You remember that time you passive-aggressively completed a story in the most useless way possible to check that checkbox? That’s most monitoring systems.
Take a look at your project’s compilation warnings. If you’re using NPM, you’ll see the impossible to resolve deprecation warnings a mile long and quickly realize how much people ignore issues. Still, something has everyone convinced that people actually want to fix things. What leads to this massive disconnect? Bad monitoring. Let’s go over traits of a good and bad system.
Good: Active Alerts, Passive Support
Any good monitoring system should swiftly deliver a notification to the person with the power to make change in a way they will review it immediately.
Bad: Passive Dashboards, Active Support
Dashboards require people to actively use them. This is a problem for a number of reasons. The first is that means the time between issues and the time to notification is delayed. This leads to the second which is that people have to ACTUALLY USE the dashboards periodically, and motivating people to use dashboards is like pulling teeth. They won’t. I’ve never seen someone actively use a dashboard they didn’t create themselves. And of course they don’t want to use it. They would have to take time out of their busy schedule to look at a dashboard more relevant to someone else.

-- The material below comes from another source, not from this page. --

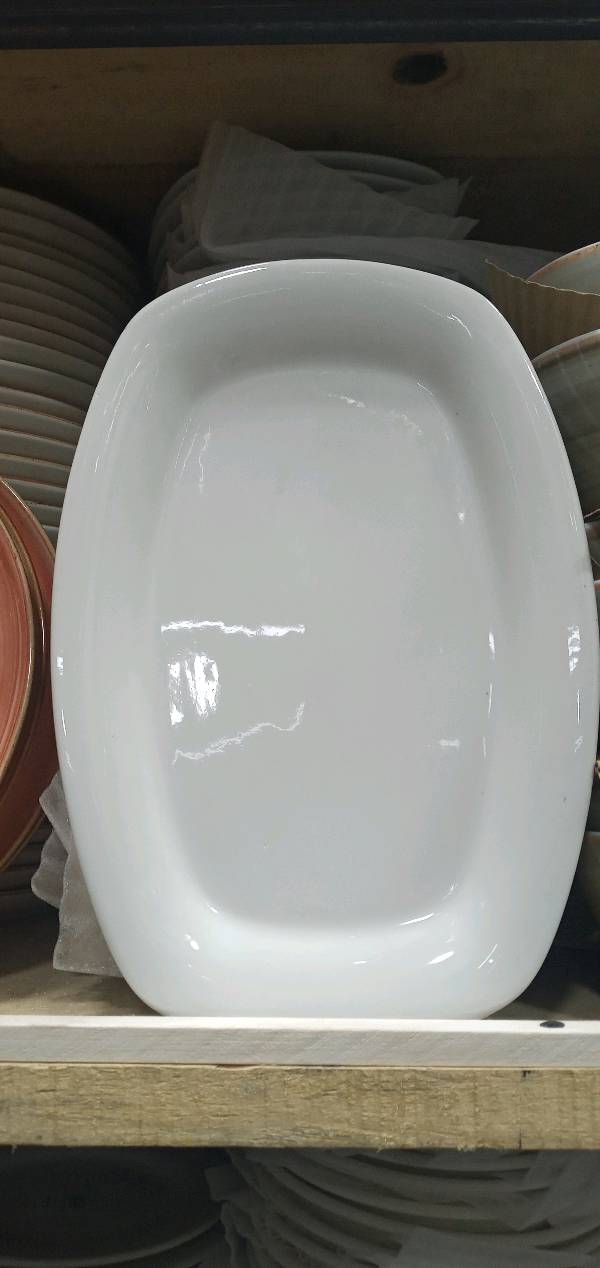 tray, washbasin, bathtub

Don’t believe me? I once worked for a monitoring service and we eliminated our customers’ dashboards. A few people complained, but it didn’t impact our numbers even slightly.
Good: Accuracy over Precision
This is a topic that confuses a lot of people. Accuracy is how truthful something is. Precision is how specific something is. You want every single alert you receive to identify an issue correctly, even if that means it’s only saying “I know something is broken.”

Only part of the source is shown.